_BRIEF_: What lines below mention the word "fotoğraf"? Copy each one.

========================================================================

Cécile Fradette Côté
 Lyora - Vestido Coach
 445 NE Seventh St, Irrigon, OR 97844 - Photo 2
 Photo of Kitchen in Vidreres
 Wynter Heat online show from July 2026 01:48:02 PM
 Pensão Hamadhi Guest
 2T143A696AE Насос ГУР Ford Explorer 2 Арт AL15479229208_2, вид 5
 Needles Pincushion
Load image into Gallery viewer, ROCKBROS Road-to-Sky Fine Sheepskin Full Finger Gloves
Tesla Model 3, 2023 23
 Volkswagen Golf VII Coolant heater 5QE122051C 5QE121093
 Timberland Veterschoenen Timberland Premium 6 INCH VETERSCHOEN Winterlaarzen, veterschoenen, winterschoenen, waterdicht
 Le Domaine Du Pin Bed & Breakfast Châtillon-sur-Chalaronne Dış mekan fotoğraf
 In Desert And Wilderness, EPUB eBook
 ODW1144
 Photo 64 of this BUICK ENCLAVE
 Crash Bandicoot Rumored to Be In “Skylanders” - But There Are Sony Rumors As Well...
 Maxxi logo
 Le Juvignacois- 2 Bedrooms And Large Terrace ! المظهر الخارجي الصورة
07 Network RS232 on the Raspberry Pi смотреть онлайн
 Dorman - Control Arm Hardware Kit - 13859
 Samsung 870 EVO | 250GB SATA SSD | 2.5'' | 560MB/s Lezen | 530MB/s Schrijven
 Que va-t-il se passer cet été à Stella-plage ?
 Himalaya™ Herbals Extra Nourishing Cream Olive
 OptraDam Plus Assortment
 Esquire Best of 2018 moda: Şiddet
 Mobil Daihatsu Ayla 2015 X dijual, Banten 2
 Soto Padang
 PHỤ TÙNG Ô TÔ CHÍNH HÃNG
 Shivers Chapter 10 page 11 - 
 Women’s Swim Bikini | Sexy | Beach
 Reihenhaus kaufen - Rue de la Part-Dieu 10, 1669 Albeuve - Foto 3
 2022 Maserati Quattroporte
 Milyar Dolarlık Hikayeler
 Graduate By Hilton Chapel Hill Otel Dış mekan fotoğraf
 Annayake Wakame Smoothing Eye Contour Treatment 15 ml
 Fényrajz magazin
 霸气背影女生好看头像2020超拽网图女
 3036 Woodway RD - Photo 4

========================================================================

_EXERCISE SOLUTION_:
 Le Domaine Du Pin Bed & Breakfast Châtillon-sur-Chalaronne Dış mekan fotoğraf
 Graduate By Hilton Chapel Hill Otel Dış mekan fotoğraf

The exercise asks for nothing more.